DREAM-C2L: Continual Learning Framework
An open-source framework for continual learning research, designed for reproducibility and scalability on HPC clusters.
What Is Continual Learning?
Traditional neural networks suffer from catastrophic forgetting — when trained on new data, they lose performance on previously learned tasks. Continual learning aims to solve this: how can a model learn new things without forgetting old ones?
The DREAM Framework
DREAM-C2L (Difficulty-aware REplay And Memory for Curriculum-to-Lifelong learning) introduces a principled approach to ordering and replaying training samples.
Core Ideas
- Curriculum-aware sample ordering: Instead of random shuffling, order training examples by difficulty. Easy samples first builds a strong foundation; hard samples later refine decision boundaries.
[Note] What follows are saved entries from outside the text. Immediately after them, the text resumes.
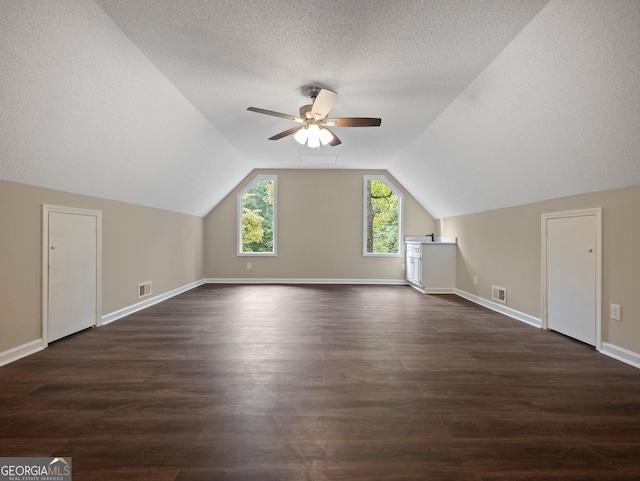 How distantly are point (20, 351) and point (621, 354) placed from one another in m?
5.22

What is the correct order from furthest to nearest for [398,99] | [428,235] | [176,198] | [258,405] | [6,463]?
[428,235], [176,198], [398,99], [258,405], [6,463]

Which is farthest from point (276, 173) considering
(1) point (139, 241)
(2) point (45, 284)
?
(2) point (45, 284)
- Replay buffer management: Maintain a balanced memory of past experiences, selected to maximize coverage of the learned distribution.
- Regularization: Constrain how much model weights can change when learning new tasks, preventing catastrophic forgetting.
Key Features
- Modular pipeline: Swap replay strategies, regularization methods, and difficulty metrics independently
- HPC-ready: Built-in SLURM job management, multi-GPU training, checkpointing
- Reproducible: Full experiment tracking with Weights & Biases integration
- PyTorch Lightning backbone: Clean training loops with automatic mixed precision
Research Applications
The framework supports multiple continual learning scenarios:
- Class-incremental: New classes appear over time
- Task-incremental: New tasks with explicit boundaries
- Domain-incremental: Same task, shifting data distributions
Results
Our difficulty-aware approach shows consistent improvements over random ordering baselines across CIFAR-100, TinyImageNet, and ImageNet-subset benchmarks.
The key insight: the order in which a model sees data matters as much as what data it sees. By presenting examples in a curriculum-informed order, the model builds more robust internal representations that resist forgetting.